* **EXERCISE INSTRUCTIONS**:
Each entry is to be retyped exactly as it appears. Leave the images out.

* **DATA FOR REVIEW**:
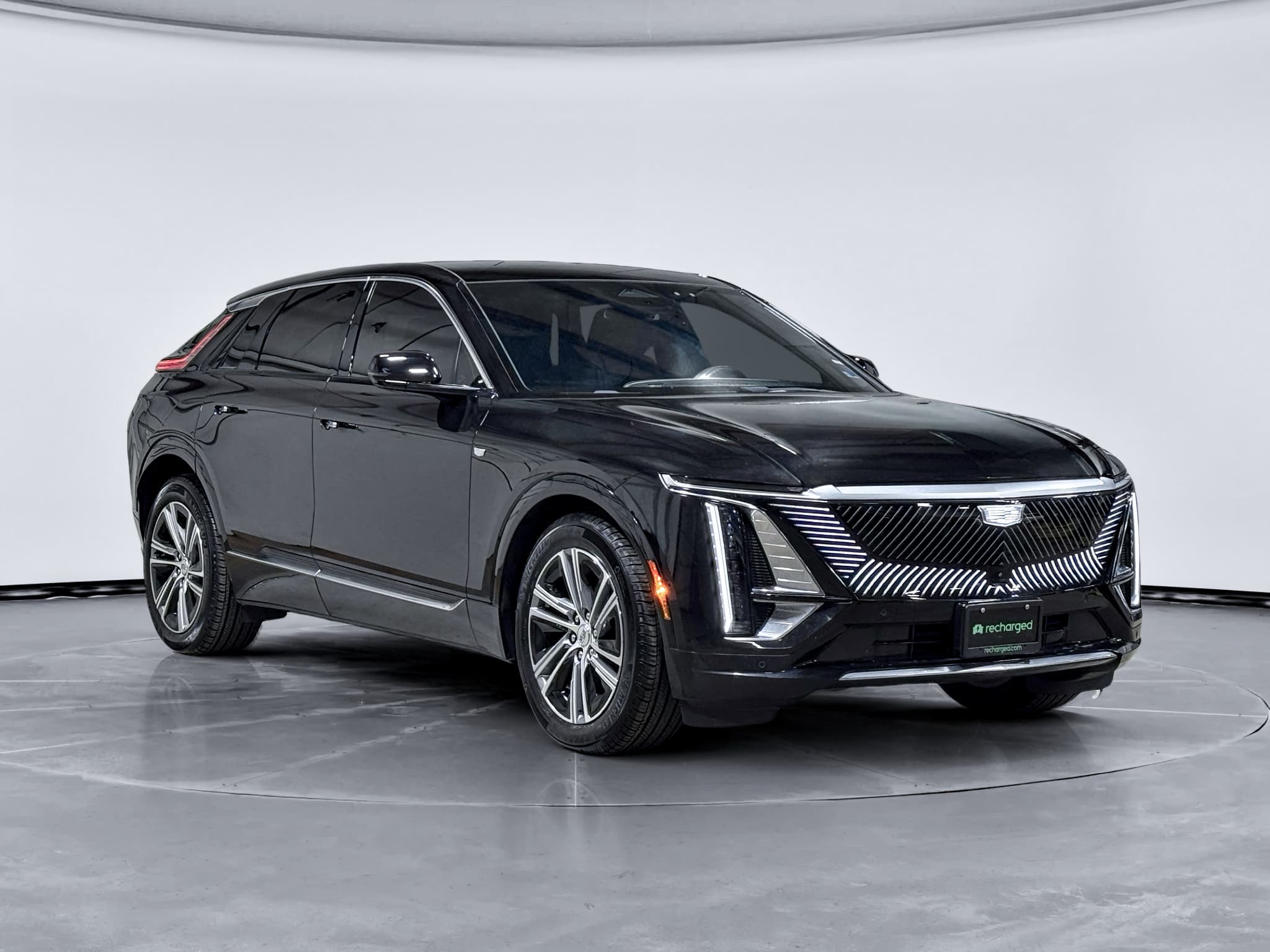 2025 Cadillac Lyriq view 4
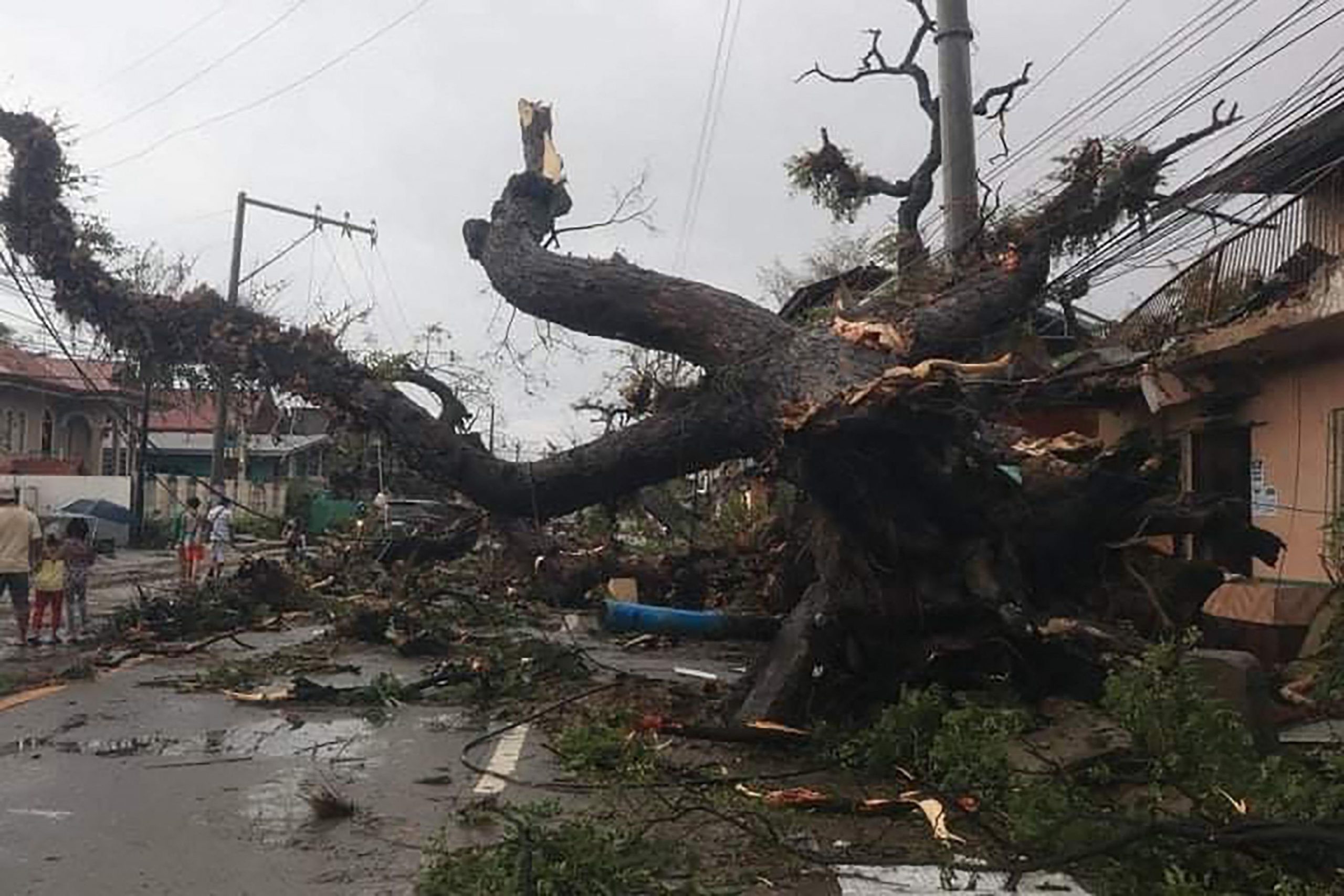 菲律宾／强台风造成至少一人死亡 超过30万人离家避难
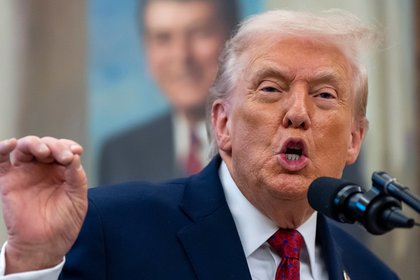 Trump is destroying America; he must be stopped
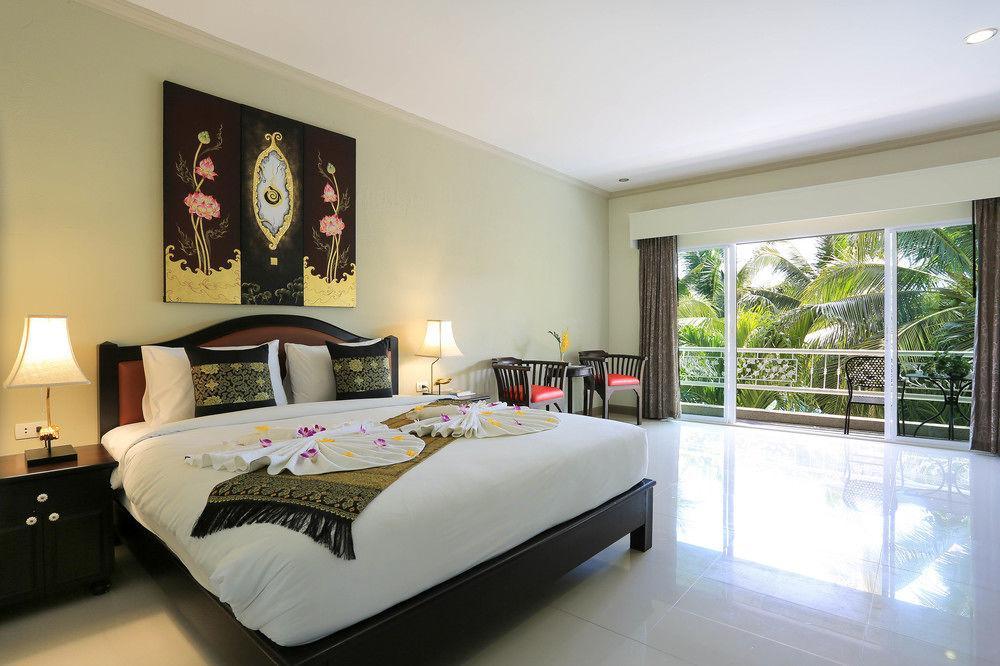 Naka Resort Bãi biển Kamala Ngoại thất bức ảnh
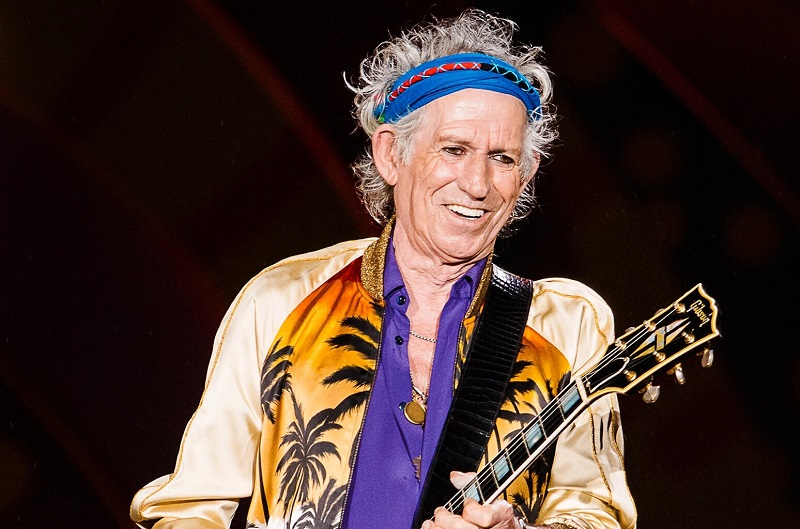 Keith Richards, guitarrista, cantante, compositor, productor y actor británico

* **ANSWER AREA**:
 2025 Cadillac Lyriq view 4
 菲律宾／强台风造成至少一人死亡 超过30万人离家避难
 Trump is destroying America; he must be stopped
 Naka Resort Bãi biển Kamala Ngoại thất bức ảnh
 Keith Richards, guitarrista, cantante, compositor, productor y actor británico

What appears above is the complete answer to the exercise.